In By the Way, Your Home is on Fire, Rebecca Solnit posed an argument for divesting in order to remedy the potential disastrous consequences of climate change. She used the analogy, “Your home is on fire”, to instill a sense of urgency and called for actions to all individuals. Yet, is my home really on fire? That is the question we asked ourselves during class. I guess it is debatable. That fact that another person sees his or her home on fire doesn’t necessarily translate to another person having the same image.

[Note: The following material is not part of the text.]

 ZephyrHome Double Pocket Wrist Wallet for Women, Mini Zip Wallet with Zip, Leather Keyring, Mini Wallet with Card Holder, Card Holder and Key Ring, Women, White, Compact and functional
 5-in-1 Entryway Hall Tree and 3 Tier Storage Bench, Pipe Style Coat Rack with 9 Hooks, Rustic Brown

With this, my classmates and I came together and brainstormed another possible analogy. It was longer and more difficult than we imagined. We went from a Titanic cruise scenario to a hijacked airplane but eventually, we decided on this: a shark swimming towards a row boat in which two rows of people carry a pedal each and are vital to success of escape. If a single person drops out, the boat would not be balanced and instead of moving towards a desired direction away from the shark, it will simply go in a circular motion. In this scenario, the shark serves as an immediate recognition of urgency and like the debates surrounding climate change, there is a grey area of urgency. Most of us would perceive a shark as being dangerous (possibly from the replaying of Jaws over the years) but in reality, the type and habitat preference of the shark are not known. Yet, in order to escape, every single person on the boat needs to participate and collectively, all holds a common vision.

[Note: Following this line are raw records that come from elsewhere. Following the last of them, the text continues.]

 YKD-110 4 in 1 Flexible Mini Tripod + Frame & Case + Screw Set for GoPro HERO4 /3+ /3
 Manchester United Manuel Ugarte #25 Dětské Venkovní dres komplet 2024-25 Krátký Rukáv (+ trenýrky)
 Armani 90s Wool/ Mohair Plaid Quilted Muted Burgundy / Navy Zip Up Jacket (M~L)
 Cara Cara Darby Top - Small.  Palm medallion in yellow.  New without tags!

Well. At this point, there was a question raised: What if there is a person who simply doesn’t want to participate?
We dropped silent and more questions came to my mind: How likely is that going to happen? Fairly. It’s analogous to what we define as being “optimistic” and “pessimistic”. Is it moral if other people on the boat decided to abandon this person who preferred to be dropped? Hmm. That’s a question of free will and social moral standards. I’m not sure.
However, one thing I know is the fact that our analogy has an underlying assumption that the sense of urgency is large enough for all the people to react and even more so, react positively with the hope of escaping the potential danger, the shark. It is not perfect though but I learned that in a society in which we praised individualism and freedom, groupthink seems to be a requirement of this scenario and counterintuitive overall. Where our analogy is constructed is perhaps how each of us perceives the context of the argument at hand.
For now, we have a shark, a row boat, and people.